WHAT NEEDS TO BE DONE: Search the data for the word "Class" and copy each line that has it.
═══
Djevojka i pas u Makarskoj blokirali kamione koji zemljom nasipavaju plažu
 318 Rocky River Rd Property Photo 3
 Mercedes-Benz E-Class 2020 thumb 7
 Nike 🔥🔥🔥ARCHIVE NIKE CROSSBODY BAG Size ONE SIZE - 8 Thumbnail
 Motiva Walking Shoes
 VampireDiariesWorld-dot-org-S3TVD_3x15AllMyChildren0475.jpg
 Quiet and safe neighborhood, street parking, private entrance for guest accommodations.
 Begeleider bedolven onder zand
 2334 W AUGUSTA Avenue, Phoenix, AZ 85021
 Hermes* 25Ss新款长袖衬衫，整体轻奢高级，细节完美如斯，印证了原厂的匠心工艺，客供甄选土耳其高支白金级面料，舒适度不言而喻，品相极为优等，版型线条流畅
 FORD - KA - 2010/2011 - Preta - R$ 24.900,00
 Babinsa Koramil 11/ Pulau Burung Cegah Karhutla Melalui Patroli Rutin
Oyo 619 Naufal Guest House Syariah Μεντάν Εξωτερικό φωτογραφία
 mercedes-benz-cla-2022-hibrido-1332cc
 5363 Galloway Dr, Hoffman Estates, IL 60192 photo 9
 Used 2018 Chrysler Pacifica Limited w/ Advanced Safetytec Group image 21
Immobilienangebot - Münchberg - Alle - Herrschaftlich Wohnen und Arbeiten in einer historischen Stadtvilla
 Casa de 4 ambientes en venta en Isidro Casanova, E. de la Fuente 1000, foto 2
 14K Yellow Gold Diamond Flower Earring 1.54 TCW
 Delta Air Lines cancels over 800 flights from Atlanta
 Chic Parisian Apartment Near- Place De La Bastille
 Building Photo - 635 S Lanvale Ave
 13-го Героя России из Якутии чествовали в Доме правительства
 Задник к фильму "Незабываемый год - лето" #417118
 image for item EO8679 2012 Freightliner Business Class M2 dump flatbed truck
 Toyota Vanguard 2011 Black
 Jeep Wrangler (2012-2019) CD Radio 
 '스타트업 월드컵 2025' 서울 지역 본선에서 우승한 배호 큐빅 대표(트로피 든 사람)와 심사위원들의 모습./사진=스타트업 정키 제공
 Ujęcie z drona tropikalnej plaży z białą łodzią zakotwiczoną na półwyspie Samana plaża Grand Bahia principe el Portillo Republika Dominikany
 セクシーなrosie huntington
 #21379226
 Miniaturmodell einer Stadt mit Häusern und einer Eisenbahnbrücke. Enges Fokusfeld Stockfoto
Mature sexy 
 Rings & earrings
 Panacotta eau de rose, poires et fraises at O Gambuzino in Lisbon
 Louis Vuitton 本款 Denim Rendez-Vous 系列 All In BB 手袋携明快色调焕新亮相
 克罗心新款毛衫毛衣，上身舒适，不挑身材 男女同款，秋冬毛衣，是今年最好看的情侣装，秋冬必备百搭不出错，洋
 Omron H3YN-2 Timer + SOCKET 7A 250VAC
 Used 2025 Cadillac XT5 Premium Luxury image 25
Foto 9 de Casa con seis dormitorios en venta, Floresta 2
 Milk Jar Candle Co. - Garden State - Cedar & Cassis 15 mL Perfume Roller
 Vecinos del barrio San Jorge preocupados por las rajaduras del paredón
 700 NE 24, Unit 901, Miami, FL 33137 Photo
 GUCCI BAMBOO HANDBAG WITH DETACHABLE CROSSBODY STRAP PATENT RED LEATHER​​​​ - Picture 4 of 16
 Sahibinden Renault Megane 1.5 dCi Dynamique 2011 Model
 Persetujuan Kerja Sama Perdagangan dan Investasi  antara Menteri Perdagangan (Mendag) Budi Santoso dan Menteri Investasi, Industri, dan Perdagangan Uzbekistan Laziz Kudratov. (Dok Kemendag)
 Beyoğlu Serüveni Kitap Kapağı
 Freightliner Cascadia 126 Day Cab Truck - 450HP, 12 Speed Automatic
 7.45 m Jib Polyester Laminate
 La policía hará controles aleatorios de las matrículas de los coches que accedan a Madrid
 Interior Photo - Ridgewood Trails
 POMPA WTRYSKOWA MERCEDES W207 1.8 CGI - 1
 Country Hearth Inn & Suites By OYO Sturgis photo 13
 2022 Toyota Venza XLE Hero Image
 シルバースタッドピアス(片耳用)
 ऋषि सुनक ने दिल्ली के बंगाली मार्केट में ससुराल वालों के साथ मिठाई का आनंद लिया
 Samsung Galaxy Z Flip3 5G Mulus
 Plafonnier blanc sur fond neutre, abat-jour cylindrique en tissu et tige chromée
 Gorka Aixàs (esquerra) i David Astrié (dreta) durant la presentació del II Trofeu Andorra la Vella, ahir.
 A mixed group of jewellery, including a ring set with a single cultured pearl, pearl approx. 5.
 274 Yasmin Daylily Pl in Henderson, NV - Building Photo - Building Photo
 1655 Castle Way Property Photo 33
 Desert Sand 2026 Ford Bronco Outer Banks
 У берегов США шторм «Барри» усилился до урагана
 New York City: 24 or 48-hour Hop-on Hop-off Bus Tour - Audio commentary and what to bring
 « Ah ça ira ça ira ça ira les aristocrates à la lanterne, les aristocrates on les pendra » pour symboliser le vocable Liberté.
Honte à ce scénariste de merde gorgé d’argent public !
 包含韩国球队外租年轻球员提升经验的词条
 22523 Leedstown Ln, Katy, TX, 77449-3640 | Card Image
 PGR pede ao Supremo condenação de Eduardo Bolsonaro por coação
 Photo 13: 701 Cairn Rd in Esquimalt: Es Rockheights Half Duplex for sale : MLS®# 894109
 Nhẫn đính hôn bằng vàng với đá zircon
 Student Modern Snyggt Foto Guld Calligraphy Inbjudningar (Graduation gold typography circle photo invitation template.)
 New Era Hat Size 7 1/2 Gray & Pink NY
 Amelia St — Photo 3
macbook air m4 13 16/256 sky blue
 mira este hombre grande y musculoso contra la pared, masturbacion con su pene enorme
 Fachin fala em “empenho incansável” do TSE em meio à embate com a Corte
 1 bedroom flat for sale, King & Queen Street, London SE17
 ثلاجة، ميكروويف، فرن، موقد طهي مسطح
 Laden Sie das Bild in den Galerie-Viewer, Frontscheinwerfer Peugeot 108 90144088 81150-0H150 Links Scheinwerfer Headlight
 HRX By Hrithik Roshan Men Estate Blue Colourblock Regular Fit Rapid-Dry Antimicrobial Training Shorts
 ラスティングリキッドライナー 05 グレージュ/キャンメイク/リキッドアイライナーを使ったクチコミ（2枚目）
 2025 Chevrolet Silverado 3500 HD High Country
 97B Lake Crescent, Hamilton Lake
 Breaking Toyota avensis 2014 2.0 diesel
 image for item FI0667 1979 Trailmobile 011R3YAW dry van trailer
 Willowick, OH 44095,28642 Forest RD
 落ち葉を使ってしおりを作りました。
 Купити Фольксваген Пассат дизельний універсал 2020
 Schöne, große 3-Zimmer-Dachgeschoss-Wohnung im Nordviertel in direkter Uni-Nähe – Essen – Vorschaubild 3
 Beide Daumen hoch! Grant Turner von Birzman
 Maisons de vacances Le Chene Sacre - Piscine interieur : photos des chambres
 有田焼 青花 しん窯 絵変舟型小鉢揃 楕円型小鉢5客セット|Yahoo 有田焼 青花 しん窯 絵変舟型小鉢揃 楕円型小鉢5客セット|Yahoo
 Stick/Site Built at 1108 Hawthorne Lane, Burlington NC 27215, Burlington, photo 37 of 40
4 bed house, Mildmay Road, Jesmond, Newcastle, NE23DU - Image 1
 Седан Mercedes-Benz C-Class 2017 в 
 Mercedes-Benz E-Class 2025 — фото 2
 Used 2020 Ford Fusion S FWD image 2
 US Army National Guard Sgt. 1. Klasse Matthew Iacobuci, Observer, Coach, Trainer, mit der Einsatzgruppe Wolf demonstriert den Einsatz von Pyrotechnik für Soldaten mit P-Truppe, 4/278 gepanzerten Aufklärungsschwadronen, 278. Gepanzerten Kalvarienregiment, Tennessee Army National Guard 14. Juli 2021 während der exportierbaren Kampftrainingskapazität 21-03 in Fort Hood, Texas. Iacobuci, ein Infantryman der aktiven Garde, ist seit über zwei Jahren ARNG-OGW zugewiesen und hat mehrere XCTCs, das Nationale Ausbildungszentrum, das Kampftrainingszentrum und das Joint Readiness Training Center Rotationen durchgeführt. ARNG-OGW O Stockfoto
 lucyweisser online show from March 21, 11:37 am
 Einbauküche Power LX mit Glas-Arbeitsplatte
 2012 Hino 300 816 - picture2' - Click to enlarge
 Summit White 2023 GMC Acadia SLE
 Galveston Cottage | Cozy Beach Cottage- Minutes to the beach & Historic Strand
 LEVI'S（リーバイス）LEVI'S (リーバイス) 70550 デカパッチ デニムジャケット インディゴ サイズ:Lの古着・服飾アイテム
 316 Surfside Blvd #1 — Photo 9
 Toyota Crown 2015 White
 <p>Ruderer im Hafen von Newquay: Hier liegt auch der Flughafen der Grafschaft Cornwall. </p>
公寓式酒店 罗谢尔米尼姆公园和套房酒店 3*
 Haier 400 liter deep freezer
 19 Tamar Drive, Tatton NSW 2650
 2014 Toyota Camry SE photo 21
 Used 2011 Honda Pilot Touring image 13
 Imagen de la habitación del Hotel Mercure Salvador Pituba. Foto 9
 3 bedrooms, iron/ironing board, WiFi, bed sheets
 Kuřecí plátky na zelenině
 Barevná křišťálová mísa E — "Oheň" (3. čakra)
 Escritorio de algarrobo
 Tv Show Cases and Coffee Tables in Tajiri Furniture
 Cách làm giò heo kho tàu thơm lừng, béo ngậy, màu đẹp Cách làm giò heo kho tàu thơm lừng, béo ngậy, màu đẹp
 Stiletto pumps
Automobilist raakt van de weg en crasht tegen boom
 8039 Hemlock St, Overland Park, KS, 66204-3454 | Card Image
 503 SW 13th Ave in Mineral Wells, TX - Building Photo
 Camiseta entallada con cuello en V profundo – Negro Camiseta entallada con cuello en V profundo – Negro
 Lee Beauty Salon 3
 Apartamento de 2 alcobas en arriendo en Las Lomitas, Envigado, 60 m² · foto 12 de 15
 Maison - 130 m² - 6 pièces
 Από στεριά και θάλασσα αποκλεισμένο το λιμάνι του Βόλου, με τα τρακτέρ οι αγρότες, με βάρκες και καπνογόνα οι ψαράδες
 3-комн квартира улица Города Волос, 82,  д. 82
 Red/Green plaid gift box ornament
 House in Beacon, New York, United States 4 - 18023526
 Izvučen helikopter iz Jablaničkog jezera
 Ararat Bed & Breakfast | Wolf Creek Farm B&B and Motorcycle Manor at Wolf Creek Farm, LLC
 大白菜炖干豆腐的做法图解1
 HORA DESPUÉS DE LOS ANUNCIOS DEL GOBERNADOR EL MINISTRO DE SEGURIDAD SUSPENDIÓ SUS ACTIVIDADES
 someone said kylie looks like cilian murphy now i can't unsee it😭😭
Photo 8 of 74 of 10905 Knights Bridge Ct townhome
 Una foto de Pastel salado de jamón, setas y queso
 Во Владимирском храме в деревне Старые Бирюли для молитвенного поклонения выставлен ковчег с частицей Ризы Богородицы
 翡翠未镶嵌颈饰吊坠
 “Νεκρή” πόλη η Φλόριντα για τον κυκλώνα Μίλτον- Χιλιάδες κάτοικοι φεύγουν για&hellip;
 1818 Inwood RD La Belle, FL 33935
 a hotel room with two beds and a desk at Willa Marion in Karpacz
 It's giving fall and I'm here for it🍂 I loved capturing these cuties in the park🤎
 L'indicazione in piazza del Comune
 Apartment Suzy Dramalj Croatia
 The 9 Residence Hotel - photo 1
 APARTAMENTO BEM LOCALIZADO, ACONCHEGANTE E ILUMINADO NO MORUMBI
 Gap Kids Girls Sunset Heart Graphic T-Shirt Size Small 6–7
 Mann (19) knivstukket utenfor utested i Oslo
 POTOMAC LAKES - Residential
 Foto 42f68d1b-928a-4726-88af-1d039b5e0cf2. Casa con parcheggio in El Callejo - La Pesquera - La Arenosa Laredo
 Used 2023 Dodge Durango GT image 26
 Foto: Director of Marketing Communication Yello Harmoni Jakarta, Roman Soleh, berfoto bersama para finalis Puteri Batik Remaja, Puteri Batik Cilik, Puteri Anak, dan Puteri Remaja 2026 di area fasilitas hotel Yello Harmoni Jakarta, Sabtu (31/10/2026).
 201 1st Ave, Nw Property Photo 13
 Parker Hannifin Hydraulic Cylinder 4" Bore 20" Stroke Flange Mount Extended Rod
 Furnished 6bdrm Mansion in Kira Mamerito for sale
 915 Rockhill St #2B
═══
TASK SOLUTION:
 Mercedes-Benz E-Class 2020 thumb 7
 image for item EO8679 2012 Freightliner Business Class M2 dump flatbed truck
 Седан Mercedes-Benz C-Class 2017 в 
 Mercedes-Benz E-Class 2025 — фото 2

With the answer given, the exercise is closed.